__Exercise material__:
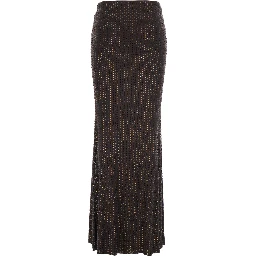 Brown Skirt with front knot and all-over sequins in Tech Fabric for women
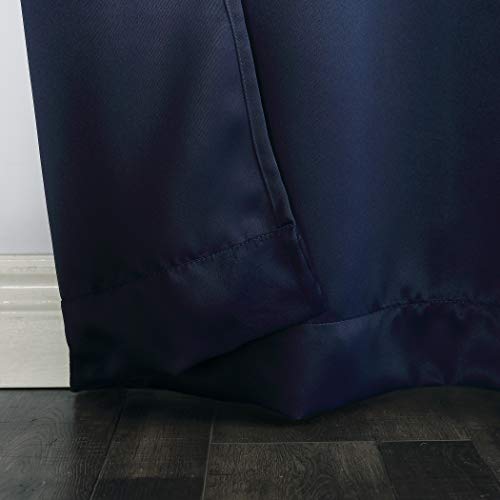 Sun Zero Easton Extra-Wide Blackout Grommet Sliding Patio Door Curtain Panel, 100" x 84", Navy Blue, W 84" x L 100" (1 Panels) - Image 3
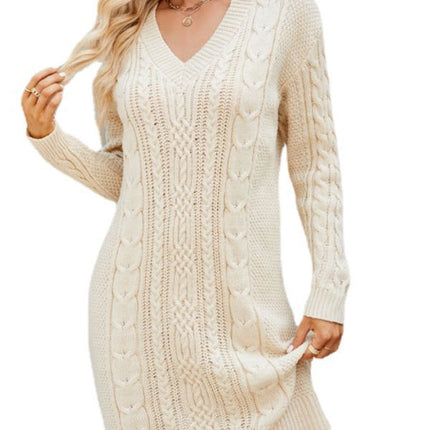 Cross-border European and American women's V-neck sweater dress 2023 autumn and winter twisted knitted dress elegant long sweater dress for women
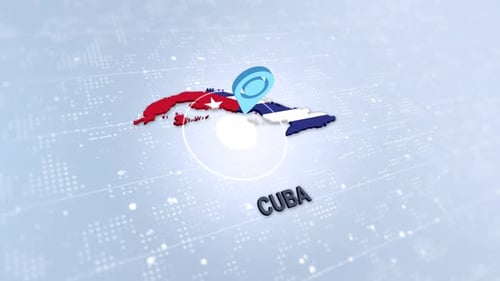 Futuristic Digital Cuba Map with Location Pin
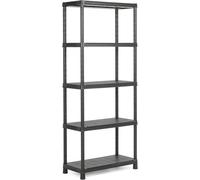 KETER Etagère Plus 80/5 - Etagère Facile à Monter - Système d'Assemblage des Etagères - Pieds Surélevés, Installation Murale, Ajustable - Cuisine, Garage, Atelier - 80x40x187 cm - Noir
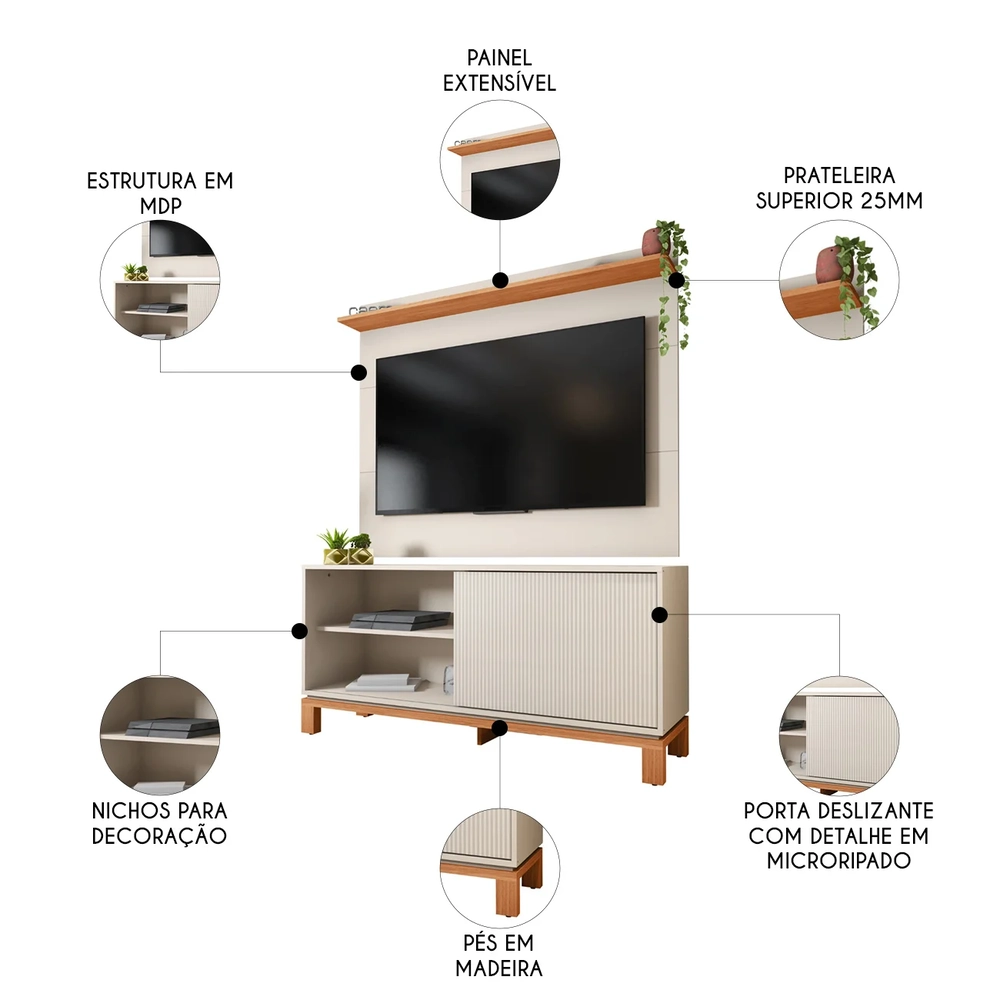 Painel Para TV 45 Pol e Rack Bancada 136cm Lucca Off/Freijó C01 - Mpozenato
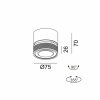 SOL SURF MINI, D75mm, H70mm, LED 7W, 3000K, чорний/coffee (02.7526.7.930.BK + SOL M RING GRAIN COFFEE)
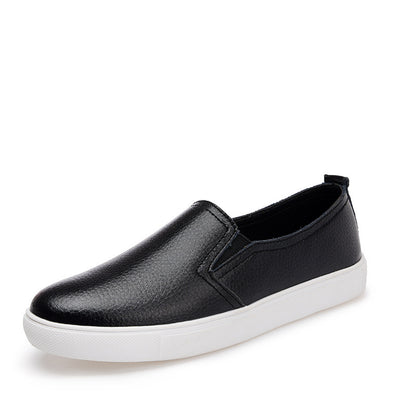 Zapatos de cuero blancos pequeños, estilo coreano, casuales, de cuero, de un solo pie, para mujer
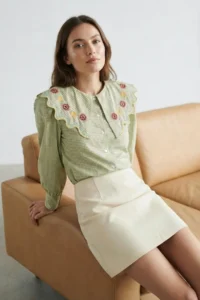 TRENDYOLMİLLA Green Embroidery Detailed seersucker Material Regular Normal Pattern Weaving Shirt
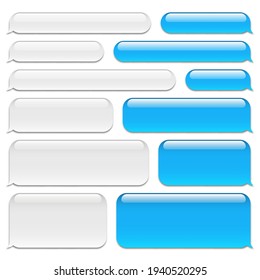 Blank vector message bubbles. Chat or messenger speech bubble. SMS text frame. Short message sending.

__Required work__: Exclude all pictures and reproduce verbatim the lines running from the line that contains "Sun Zero Easton" to the end of the data above, both ends included.

__Task response__:
 Sun Zero Easton Extra-Wide Blackout Grommet Sliding Patio Door Curtain Panel, 100" x 84", Navy Blue, W 84" x L 100" (1 Panels) - Image 3
 Cross-border European and American women's V-neck sweater dress 2023 autumn and winter twisted knitted dress elegant long sweater dress for women
 Futuristic Digital Cuba Map with Location Pin
 KETER Etagère Plus 80/5 - Etagère Facile à Monter - Système d'Assemblage des Etagères - Pieds Surélevés, Installation Murale, Ajustable - Cuisine, Garage, Atelier - 80x40x187 cm - Noir
 Painel Para TV 45 Pol e Rack Bancada 136cm Lucca Off/Freijó C01 - Mpozenato
 SOL SURF MINI, D75mm, H70mm, LED 7W, 3000K, чорний/coffee (02.7526.7.930.BK + SOL M RING GRAIN COFFEE)
 Zapatos de cuero blancos pequeños, estilo coreano, casuales, de cuero, de un solo pie, para mujer
 TRENDYOLMİLLA Green Embroidery Detailed seersucker Material Regular Normal Pattern Weaving Shirt
 Blank vector message bubbles. Chat or messenger speech bubble. SMS text frame. Short message sending.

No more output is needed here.